▶ What to work on
Set the records down again exactly, apart from any pictures in them.

▶ Data extract
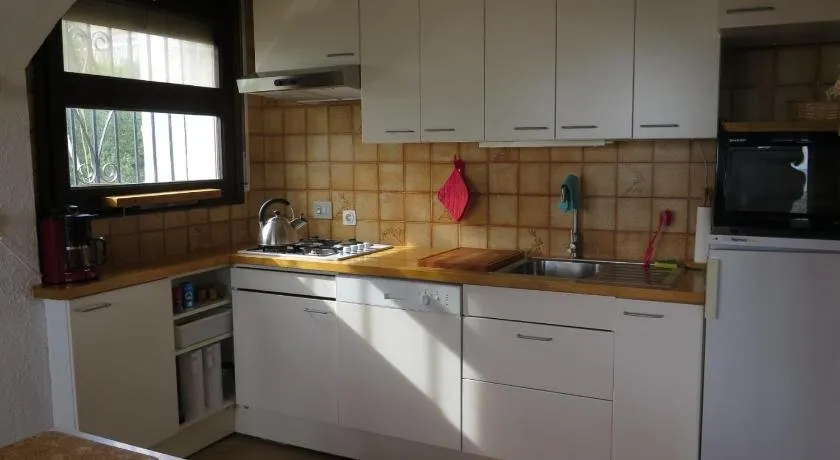 Asturies 7 - Image 1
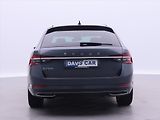 Škoda Superb 2,0 TDI DSG L&K CZ DPH - náhled 6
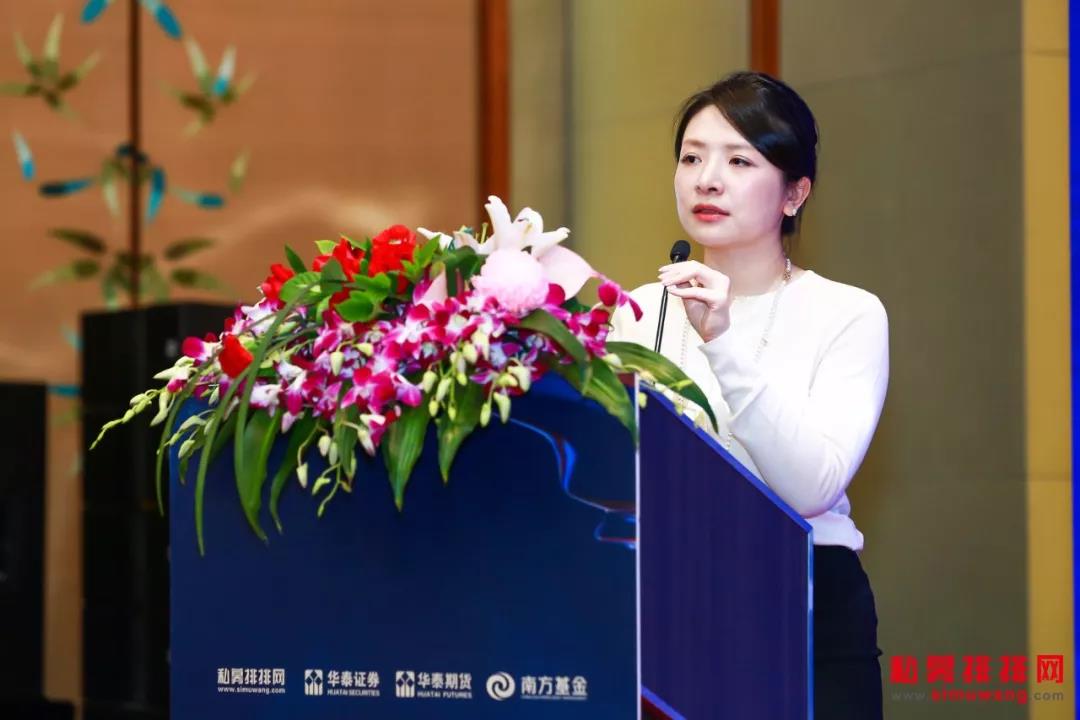 华泰证券深圳(华泰证券深圳益田路是谁的席位)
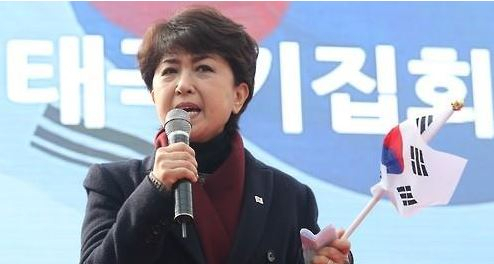 출처: 연합뉴스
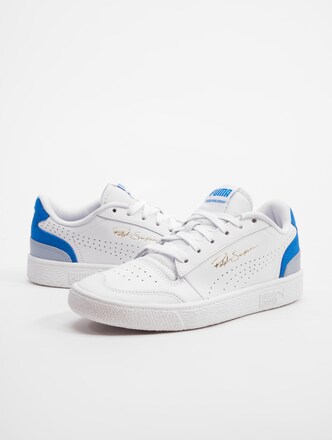 Puma Ralph Sampson Schuhe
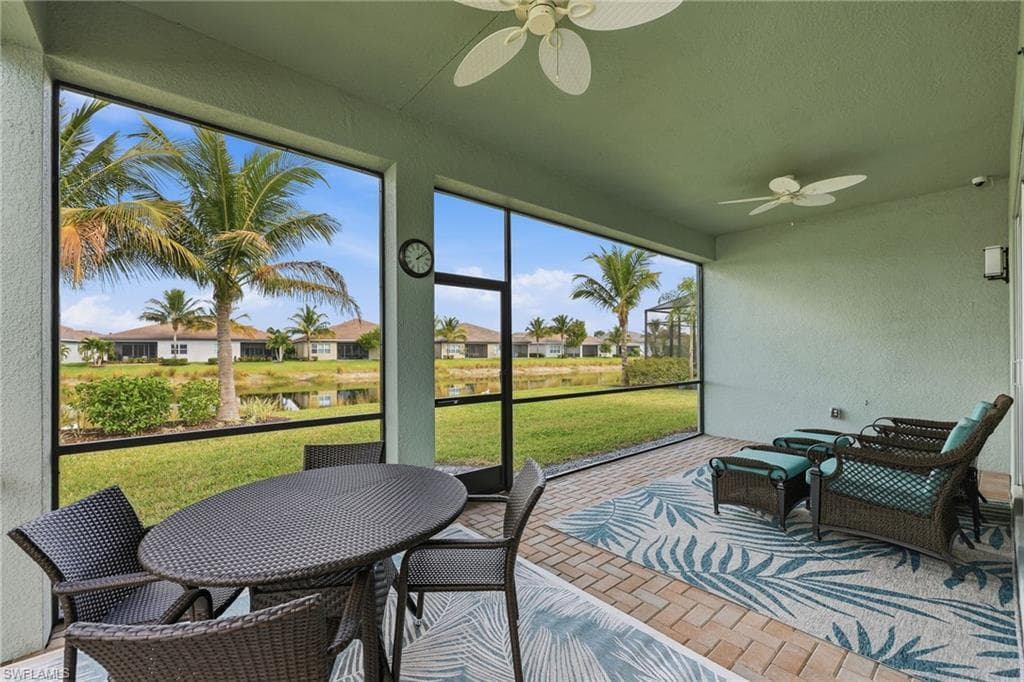 28563 Twain DR, BONITA SPRINGS FL 34135-25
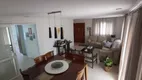 Foto 20 de Casa de Condomínio com 4 Quartos à venda, 640m² em , Louveira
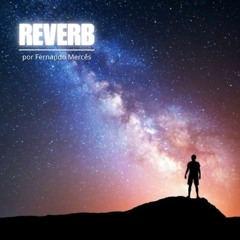 Reverb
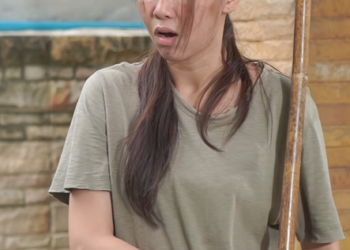 [ครบชุด] T2012088 ขอทานข เก ยจ Ep.2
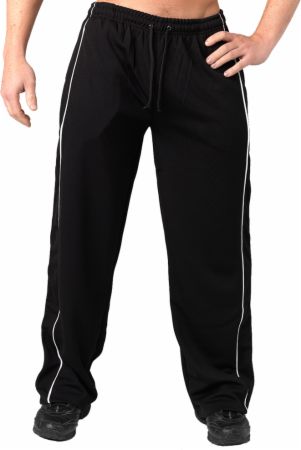 Comfy Mesh Pant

▶ The completed task
 Asturies 7 - Image 1
 Škoda Superb 2,0 TDI DSG L&K CZ DPH - náhled 6
 华泰证券深圳(华泰证券深圳益田路是谁的席位)
 출처: 연합뉴스
 Puma Ralph Sampson Schuhe
 28563 Twain DR, BONITA SPRINGS FL 34135-25
 Foto 20 de Casa de Condomínio com 4 Quartos à venda, 640m² em , Louveira
 Reverb
 [ครบชุด] T2012088 ขอทานข เก ยจ Ep.2
 Comfy Mesh Pant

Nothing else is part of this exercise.